People march in the street during a protest on June 25 in Atlanta, Georgia. Photo: Elijah Nouvelage/Getty Images
A federal appeals court on Wednesday lifted an injunction on the state's 2019 anti-abortion law, which bans most abortions after about six weeks and ruled the law is fully in effect.
Driving the news: "We vacate the injunction, reverse the judgment in favor of the abortionists, and remand with instructions to enter judgment in favor of the state officials," the court said Wednesday, before staying the lower court's decision, even though plaintiffs could still move for reconsideration of the decision.
- The court cited the Supreme Court's decision to overturn Roe v. Wade in its ruling, saying that "the Constitution makes no reference to abortion, and no such right is implicitly protected by any constitutional provision."

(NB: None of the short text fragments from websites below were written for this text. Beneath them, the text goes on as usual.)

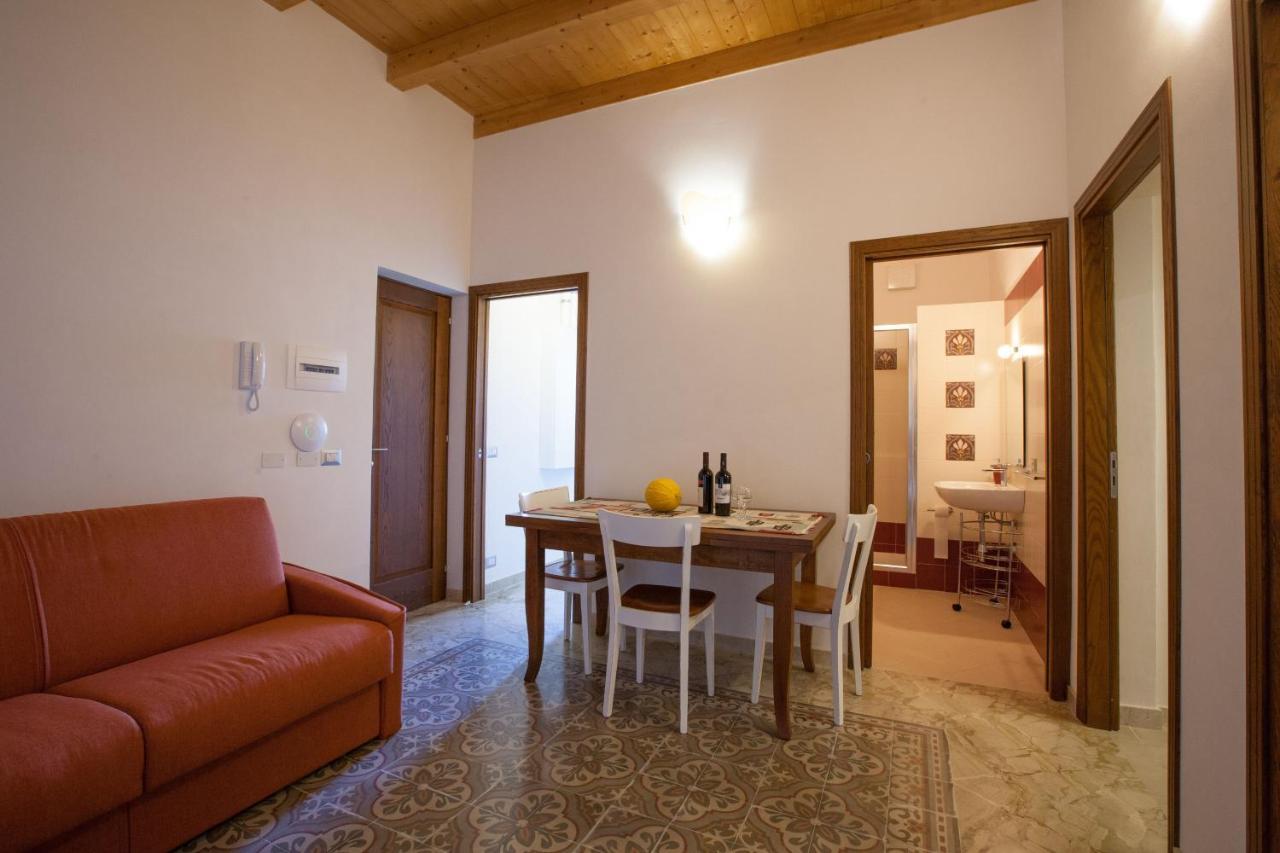 Appartamento Sicilia Ovest - Balcone Bellavista Castellammare del Golfo Esterno foto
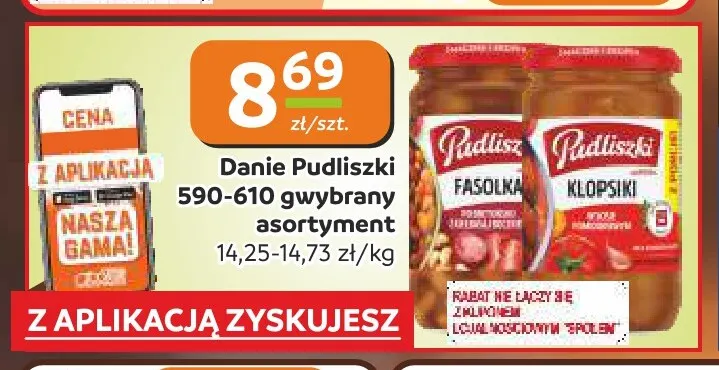Danie Pudliszki promocja w Społem Częstochowa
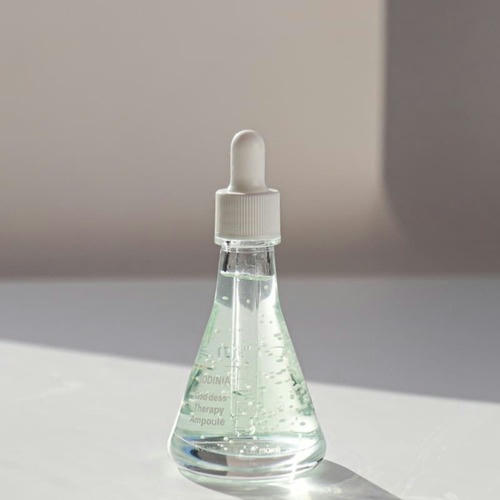 Rodinia Ампула успокаивающая для лица с полынью - Goddess therapy ampoule calming, 30мл — изображение 5
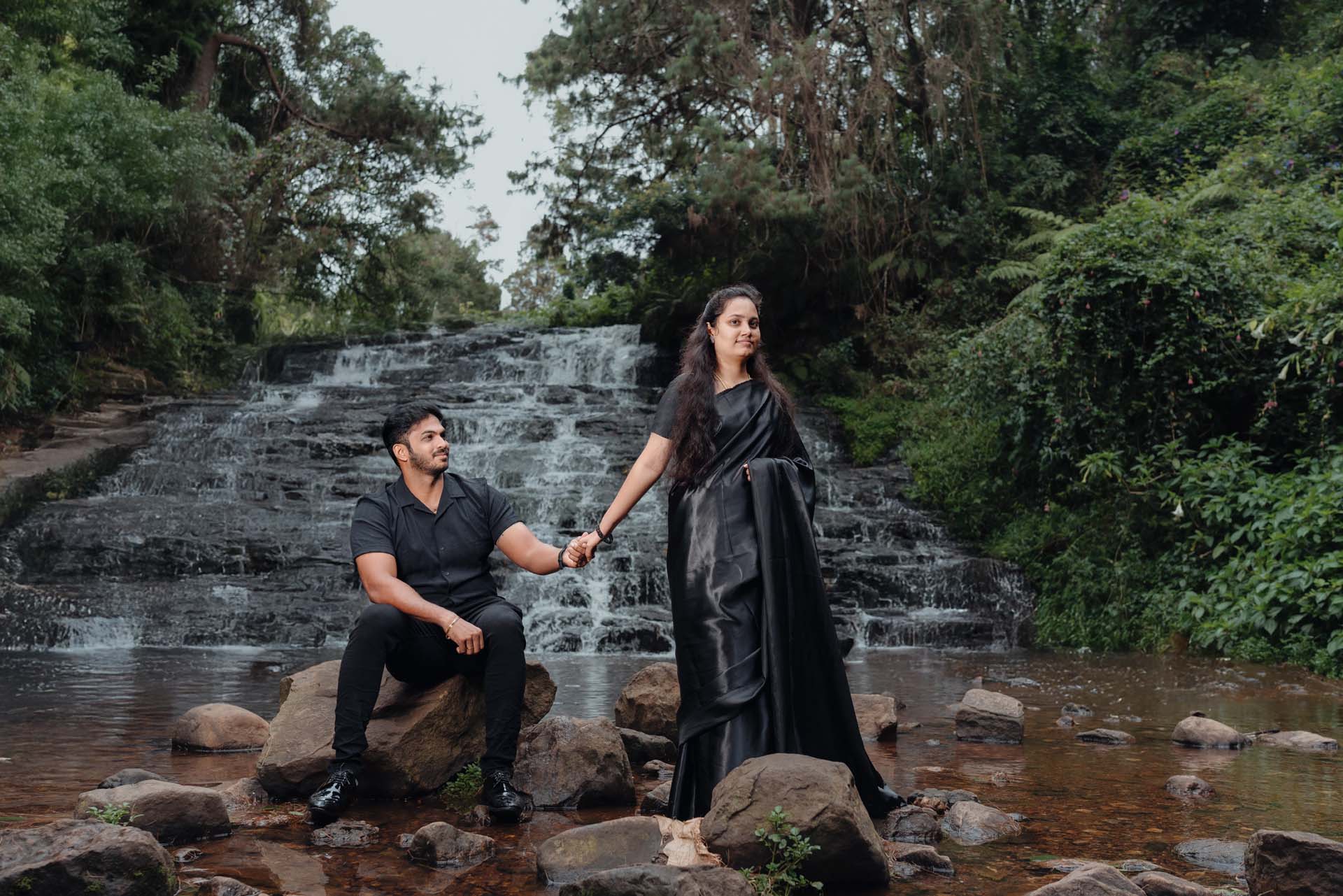 Jawhar & Monica photo 2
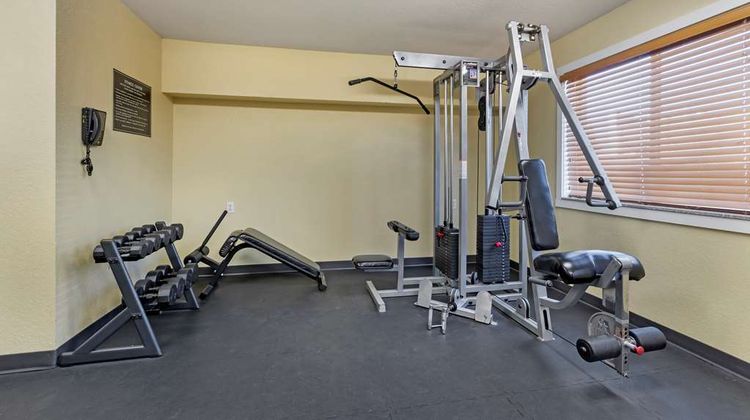 Best Western Plus Altoona Inn Health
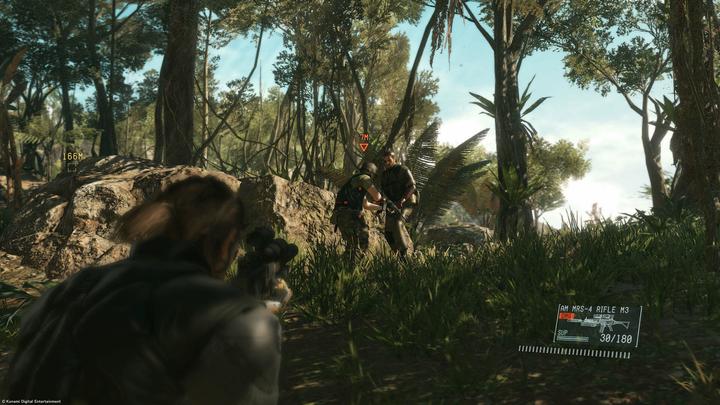 Image du produit Konami Metal Gear Solid V The Phantom Pain (Xbox One S)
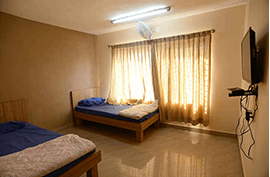 Cadabams Rehabilitation Centre - Resting Room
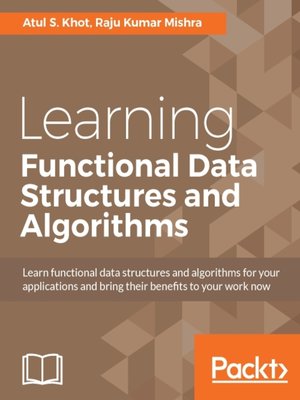 cover image of Learning Functional Data Structures and Algorithms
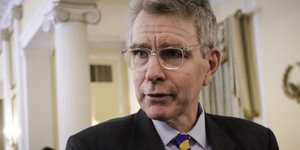 Ο Αμερικανός Πρέσβης στην Ελλάδα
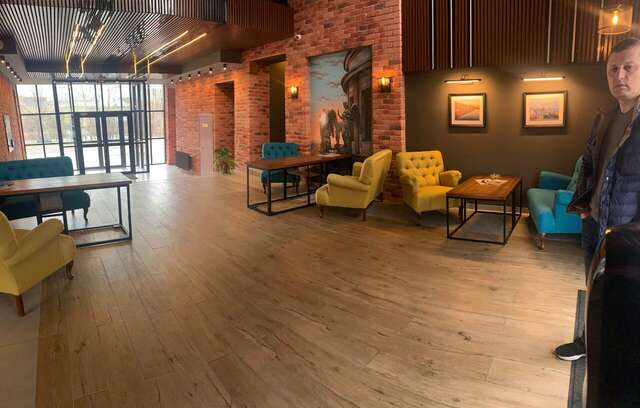 Гостиница Балтийская Санкт-Петербург-42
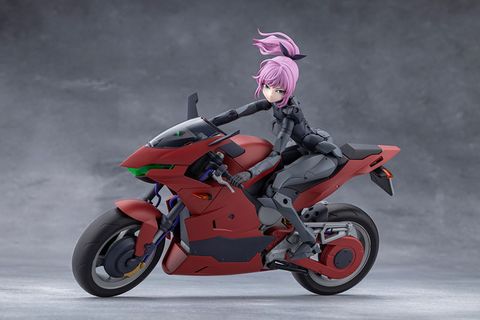 Plastic Model Emulator Riding Package - Megalomaria Unlimited Universe | Kotobukiya Plastic Model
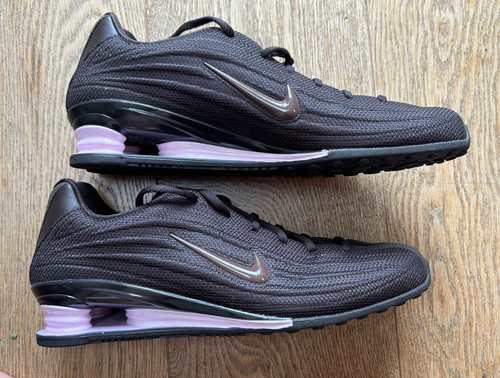 Nike shox black pink - shox, black/pink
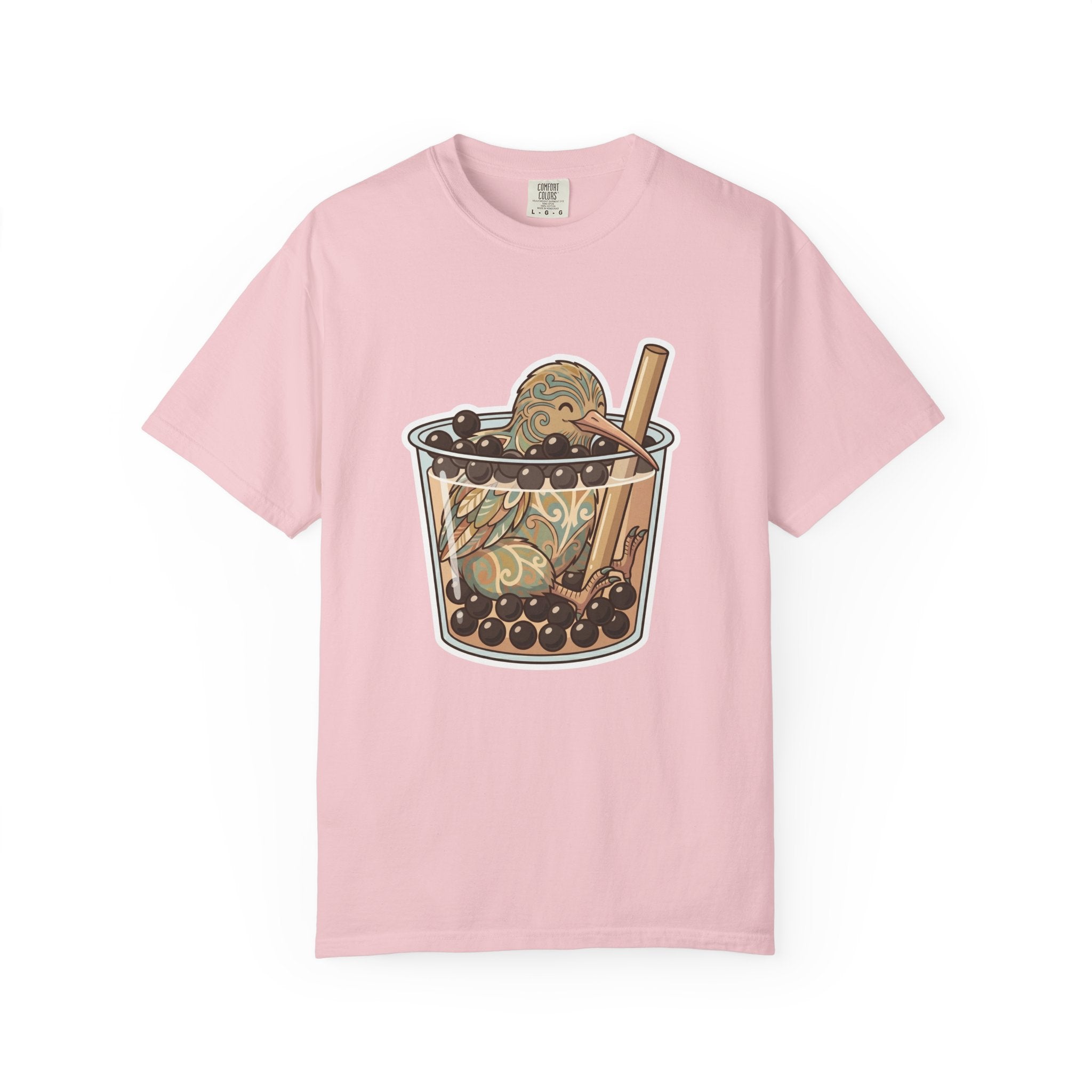 Kiwi Boba tee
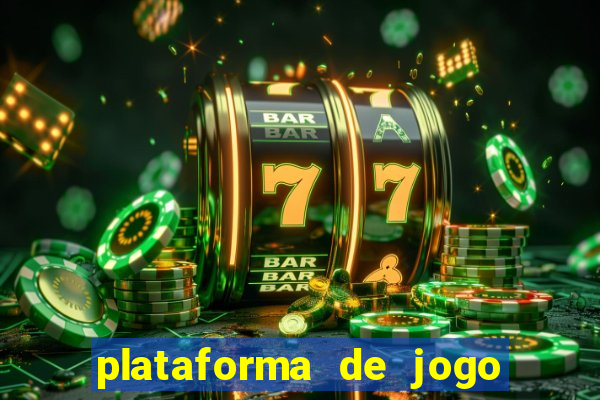 plataforma de jogo 5 reais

State of play: HB 481, the 2019 law, bans abortions once cardiac activity has been detected in an embryo — generally at about six weeks, which is before many people know that they are pregnant.
- The bill contains exceptions if a doctor deems a pregnancy “medically futile” and for victims of rape and incest after they’ve filed police reports and only for fetuses younger than 20 weeks old.
What they're saying: A joint statement from groups including ACLU and Planned Parenthood Southeast called the court's stay of the lower court's ruling a "highly unorthodox action that will immediately push essential abortion care out of reach for patients beyond the earliest stages of pregnancy. "
- "Across the state, providers are now being forced to turn away patients who thought they would be able to access abortion, immediately changing the course of their lives and futures," the groups wrote.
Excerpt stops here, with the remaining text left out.